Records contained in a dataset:
+++++

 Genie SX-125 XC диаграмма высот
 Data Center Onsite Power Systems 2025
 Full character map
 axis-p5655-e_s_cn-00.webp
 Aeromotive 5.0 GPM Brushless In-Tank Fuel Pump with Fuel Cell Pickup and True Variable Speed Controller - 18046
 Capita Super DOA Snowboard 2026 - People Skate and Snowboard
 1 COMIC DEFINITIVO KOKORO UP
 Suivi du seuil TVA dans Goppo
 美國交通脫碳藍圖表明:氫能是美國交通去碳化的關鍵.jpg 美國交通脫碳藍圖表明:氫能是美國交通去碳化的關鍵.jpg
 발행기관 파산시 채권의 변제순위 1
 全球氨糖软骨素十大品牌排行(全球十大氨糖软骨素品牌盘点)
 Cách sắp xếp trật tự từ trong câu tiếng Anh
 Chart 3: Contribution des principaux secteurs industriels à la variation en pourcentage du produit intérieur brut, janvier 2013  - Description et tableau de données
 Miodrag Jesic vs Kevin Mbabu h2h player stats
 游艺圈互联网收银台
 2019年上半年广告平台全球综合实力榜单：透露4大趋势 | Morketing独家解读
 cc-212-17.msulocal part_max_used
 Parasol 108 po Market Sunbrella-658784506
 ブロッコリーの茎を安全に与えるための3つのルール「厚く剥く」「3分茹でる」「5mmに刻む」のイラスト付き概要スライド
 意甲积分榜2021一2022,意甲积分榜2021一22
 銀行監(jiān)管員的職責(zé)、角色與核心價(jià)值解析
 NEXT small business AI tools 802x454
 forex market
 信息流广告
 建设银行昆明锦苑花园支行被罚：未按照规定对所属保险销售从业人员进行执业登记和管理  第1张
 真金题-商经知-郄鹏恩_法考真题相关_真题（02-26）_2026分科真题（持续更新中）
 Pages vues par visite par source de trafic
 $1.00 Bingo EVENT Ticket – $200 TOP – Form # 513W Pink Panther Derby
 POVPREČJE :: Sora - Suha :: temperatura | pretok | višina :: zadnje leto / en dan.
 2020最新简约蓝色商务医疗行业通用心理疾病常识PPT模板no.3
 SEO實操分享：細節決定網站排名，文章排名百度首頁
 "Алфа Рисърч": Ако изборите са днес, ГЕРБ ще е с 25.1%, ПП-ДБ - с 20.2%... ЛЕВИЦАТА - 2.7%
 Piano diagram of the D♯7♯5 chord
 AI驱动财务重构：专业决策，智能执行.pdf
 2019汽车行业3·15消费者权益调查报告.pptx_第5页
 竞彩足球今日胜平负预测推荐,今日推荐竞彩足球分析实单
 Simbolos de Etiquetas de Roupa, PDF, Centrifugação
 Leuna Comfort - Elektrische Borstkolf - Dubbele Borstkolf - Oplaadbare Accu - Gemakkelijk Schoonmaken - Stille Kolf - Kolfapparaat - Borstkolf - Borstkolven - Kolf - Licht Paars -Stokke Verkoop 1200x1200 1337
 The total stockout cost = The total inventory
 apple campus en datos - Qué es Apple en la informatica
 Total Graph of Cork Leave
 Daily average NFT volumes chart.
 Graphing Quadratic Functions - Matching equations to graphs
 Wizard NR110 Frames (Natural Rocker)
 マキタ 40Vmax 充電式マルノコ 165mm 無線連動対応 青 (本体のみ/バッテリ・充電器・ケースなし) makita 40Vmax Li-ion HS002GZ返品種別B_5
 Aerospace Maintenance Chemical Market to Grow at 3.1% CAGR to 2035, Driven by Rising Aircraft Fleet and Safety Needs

+++++

• What to do: Up to and including the line with "SEO實操分享：細節決定網站排名，文章排名百度首頁", repeat the entries exactly, beginning at their first line.

• Task answer:
 Genie SX-125 XC диаграмма высот
 Data Center Onsite Power Systems 2025
 Full character map
 axis-p5655-e_s_cn-00.webp
 Aeromotive 5.0 GPM Brushless In-Tank Fuel Pump with Fuel Cell Pickup and True Variable Speed Controller - 18046
 Capita Super DOA Snowboard 2026 - People Skate and Snowboard
 1 COMIC DEFINITIVO KOKORO UP
 Suivi du seuil TVA dans Goppo
 美國交通脫碳藍圖表明:氫能是美國交通去碳化的關鍵.jpg 美國交通脫碳藍圖表明:氫能是美國交通去碳化的關鍵.jpg
 발행기관 파산시 채권의 변제순위 1
 全球氨糖软骨素十大品牌排行(全球十大氨糖软骨素品牌盘点)
 Cách sắp xếp trật tự từ trong câu tiếng Anh
 Chart 3: Contribution des principaux secteurs industriels à la variation en pourcentage du produit intérieur brut, janvier 2013  - Description et tableau de données
 Miodrag Jesic vs Kevin Mbabu h2h player stats
 游艺圈互联网收银台
 2019年上半年广告平台全球综合实力榜单：透露4大趋势 | Morketing独家解读
 cc-212-17.msulocal part_max_used
 Parasol 108 po Market Sunbrella-658784506
 ブロッコリーの茎を安全に与えるための3つのルール「厚く剥く」「3分茹でる」「5mmに刻む」のイラスト付き概要スライド
 意甲积分榜2021一2022,意甲积分榜2021一22
 銀行監(jiān)管員的職責(zé)、角色與核心價(jià)值解析
 NEXT small business AI tools 802x454
 forex market
 信息流广告
 建设银行昆明锦苑花园支行被罚：未按照规定对所属保险销售从业人员进行执业登记和管理  第1张
 真金题-商经知-郄鹏恩_法考真题相关_真题（02-26）_2026分科真题（持续更新中）
 Pages vues par visite par source de trafic
 $1.00 Bingo EVENT Ticket – $200 TOP – Form # 513W Pink Panther Derby
 POVPREČJE :: Sora - Suha :: temperatura | pretok | višina :: zadnje leto / en dan.
 2020最新简约蓝色商务医疗行业通用心理疾病常识PPT模板no.3
 SEO實操分享：細節決定網站排名，文章排名百度首頁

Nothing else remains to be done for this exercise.